Greg says he was glad he could help out and yes huge balls. Been fishin with him for about ten years or better good to know peaple like that.


----------



## Fly Guy (Feb 19, 2018)

All I gotta say is WOW! I was with Greg last night, and his dad and I were so lucky to have stayed dry. Not only did G fall through twice....but when we saw the group way back behind us walking the path, he didn't hesitate to go back out there 200 yards to warn them of the situation. No time to change clothes, he went out right after we got on shore. Dude was soaked to the bone, and near hypothermic when he got back to the truck.....so we gave him dry clothes and cranked the heat.


----------



## G MAN (Feb 19, 2018)

Fly Guy said:


> All I gotta say is WOW! I was with Greg last night, and his dad and I were so lucky to have stayed dry. Not only did G fall through twice....but when we saw the group way back behind us walking the path, he didn't hesitate to go back out there 200 yards to warn them of the situation. No time to change clothes, he went out right after we got on shore. Dude was soaked to the bone, and near hypothermic when he got back to the truck.....so we gave him dry clothes and cranked the heat.

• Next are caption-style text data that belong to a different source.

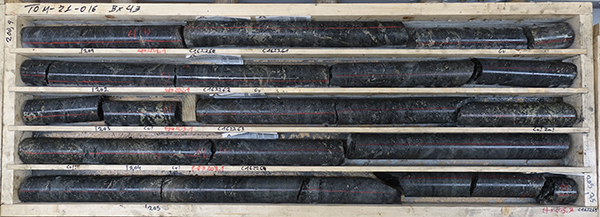 Figure 3: TOM21-016 Sulphide Mineralization from 200.9 to 205.75 m<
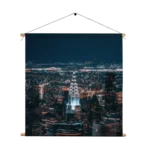 Textielposter Chrysler Building New York at Night Vierkant Template TP Vierkant Steden 46 1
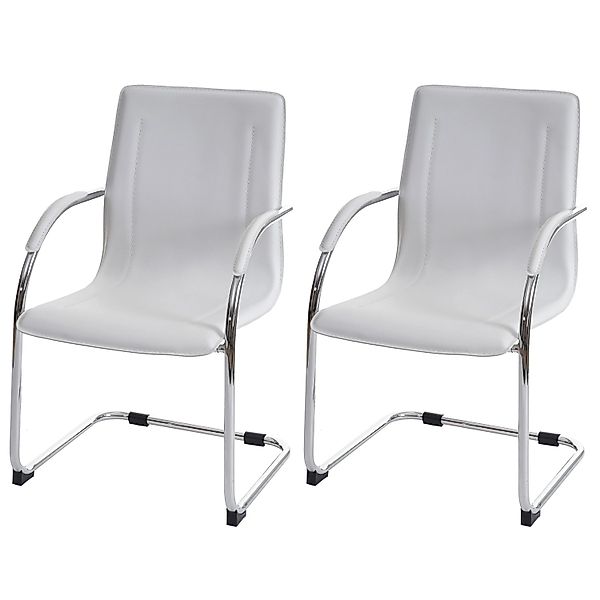 CHEFGASTRO Esszimmerstuhl 2er-Set Sammy 93x56x56cm Sitzhöhe 47cm Stahl Weiß günstig online kaufen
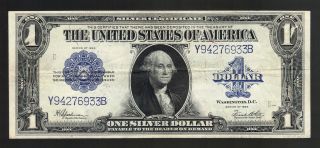 $1 1923 Large Dollar Usa Silver Certificate Blue Seal Paper Bill Washington Note photo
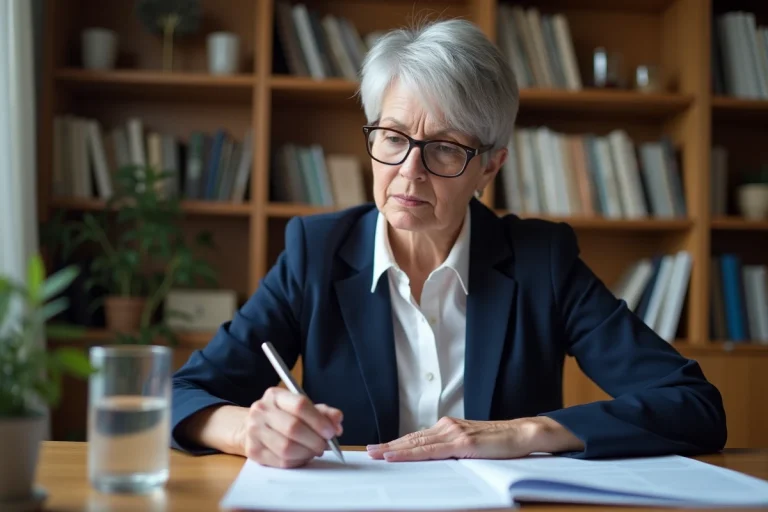 Femme de 55 ans consultant un contrat d'assurance vie à son bureau à domicile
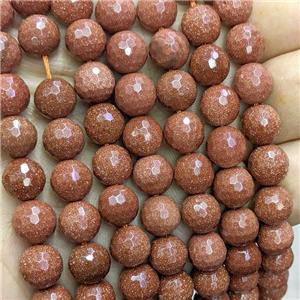 Golden Sandstone Beads Faceted Round, approx 10mm dia [GB22245-10MM]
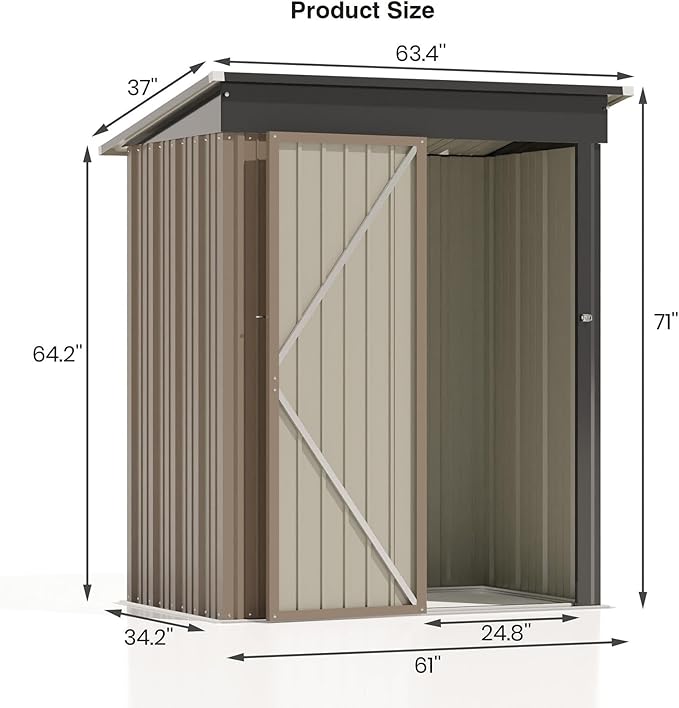 Patiolife 5x3 FT Outdoor Storage Shed, Small Tool Metal Shed with Lockable Door & Sloping Roof, Garden Shed for Backyard Patio Lawn, Brown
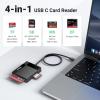 imageUGREEN USB C SD Card Reader 4in1 Memory Card Adapter External SD Micro SD MS CF Compact Flash Camera Card Reader Compatible with iPhone 15 Trail Camera MacBook iPad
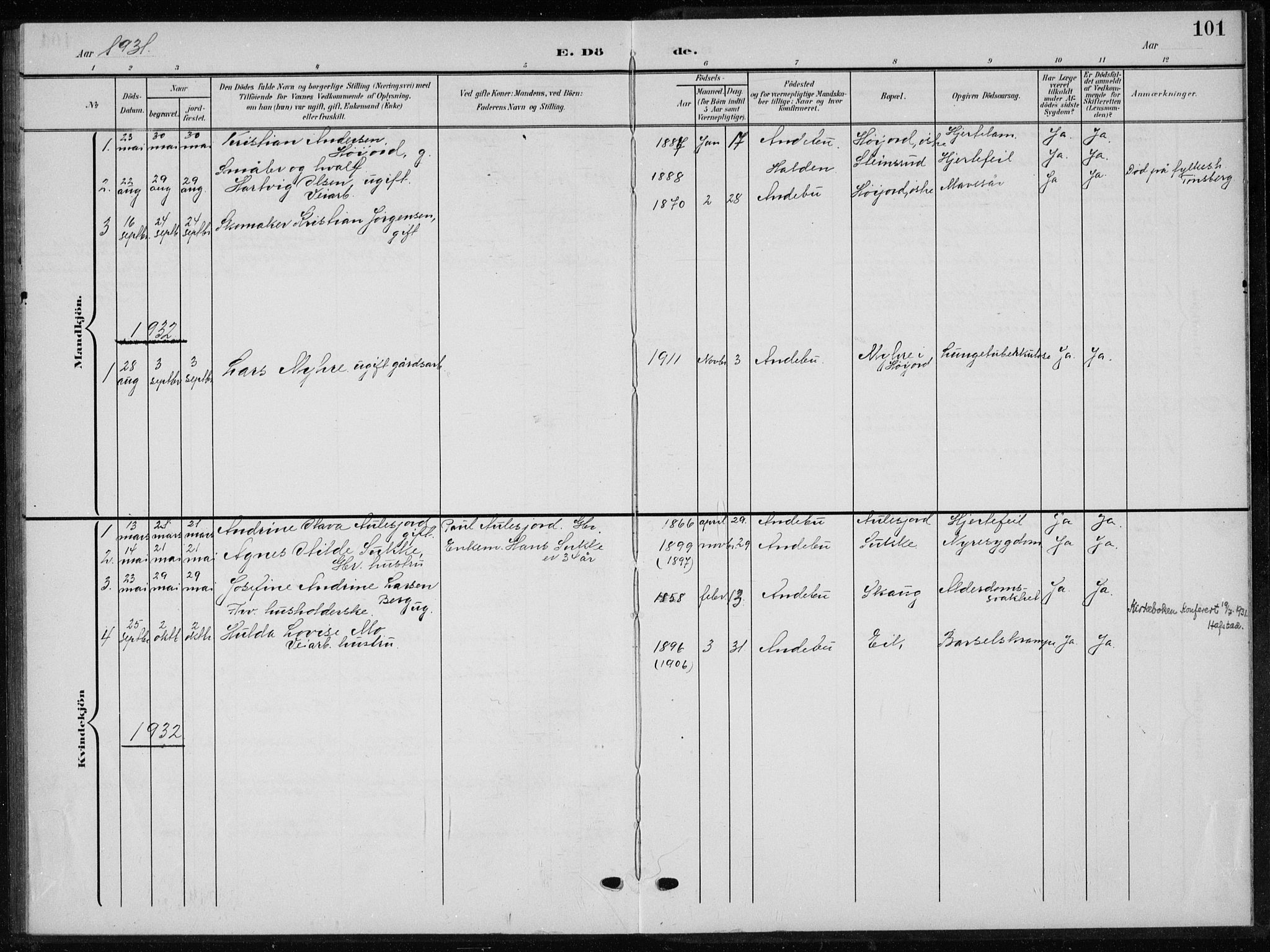 Andebu kirkebøker, AV/SAKO-A-336/G/Gb/L0001: Parish register (copy) no. II 1, 1901-1936, p. 101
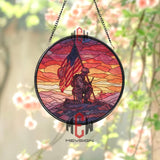 Kneeling Soldier Stained Glass Suncatcher, Round Patriotic Window Panel with American Flag and Sunset, Military Memorial Home Decor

I was glad it was that went thru. I had my dad and my buddy with me. I have played that game of going thru before. Spooky stuff.
I'm thinking I done for this ice fishing season. Holy reality check


----------



## Treeman (Nov 23, 2010)

Well, I would say it was nice meeting you...that was really unnerving seeing all of you paused out there. Not knowing if someone else went in...it wasn't a pleasant experience.
Good job Greg!!!


----------



## BIGEYURK25 (Apr 4, 2013)

What a crazy day that was! That was the first time I was convinced that I was going for a swim. Heart racin for the 45 mins it took to walk from the crack to shore. INSANE! P.S.... miss me?


----------



## G MAN (Feb 19, 2018)

BIGEYURK25 said:


> What a crazy day that was! That was the first time I was convinced that I was going for a swim. Heart racin for the 45 mins it took to walk from the crack to shore. INSANE! P.S.... miss me?


Is this the guy I walked back out to? There was 3 of you guys out there. 
I just couldn't walk away that night. My buddy who was with me was telling some guys last night about when I went thru the ice twice that night. It totally freaked him and my dad out to see me hanging on the ice by my elbows.
I'm ready for next season. Went and bought a float suit.


----------



## BIGEYURK25 (Apr 4, 2013)

G MAN said:


> Is this the guy I walked back out to? There was 3 of you guys out there.
> I just couldn't walk away that night. My buddy who was with me was telling some guys last night about when I went thru the ice twice that night. It totally freaked him and my dad out to see me hanging on the ice by my elbows.
> I'm ready for next season. Went and bought a float suit.


I come in that night about 5 o’clock. There was 7 of us. I was part of treeman and leadcores group


----------



## odell daniel (Nov 5, 2015)

Treeman said:


> View attachment 255658
> View attachment 255659
> Come on guys. Enough with the trash!
> I got the one pile but the other was froze deep.[/QUO0


----------